§ PROBLEM DESCRIPTION:
Down to the last line, set down the listing below exactly, apart from its pictures.

§ DATA BLOCK:
▼▼▼

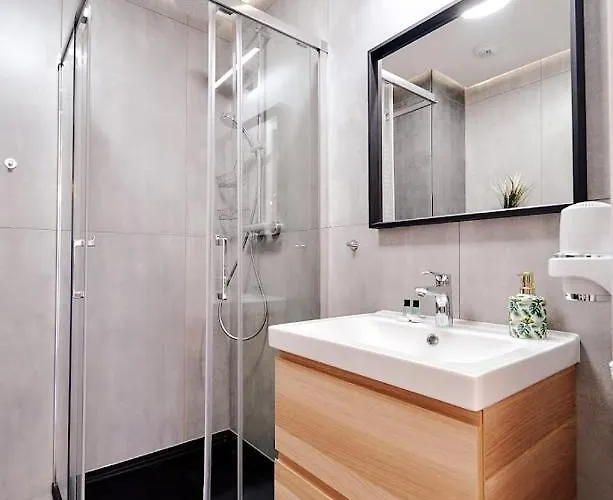 Laguna 54 * Polanica-Zdroj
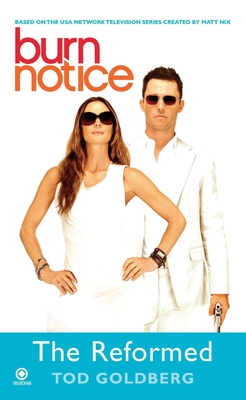 Cover for Burn Notice: the Reformed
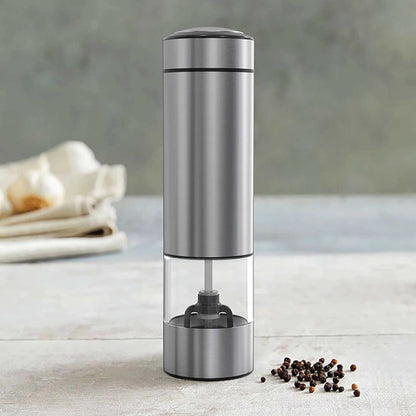 Electric Salt and Pepper Grinder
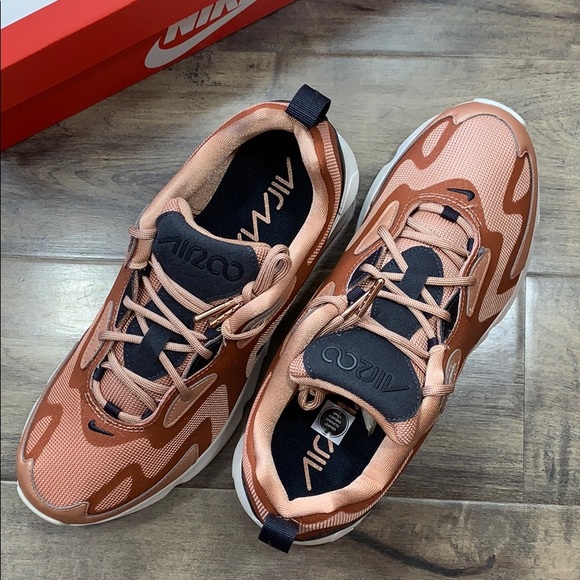 W AIR MAX 200 running shoes - Picture 10 of 16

▲▲▲

§ YOUR SOLUTION:
 Laguna 54 * Polanica-Zdroj
 Cover for Burn Notice: the Reformed
 Electric Salt and Pepper Grinder
 W AIR MAX 200 running shoes - Picture 10 of 16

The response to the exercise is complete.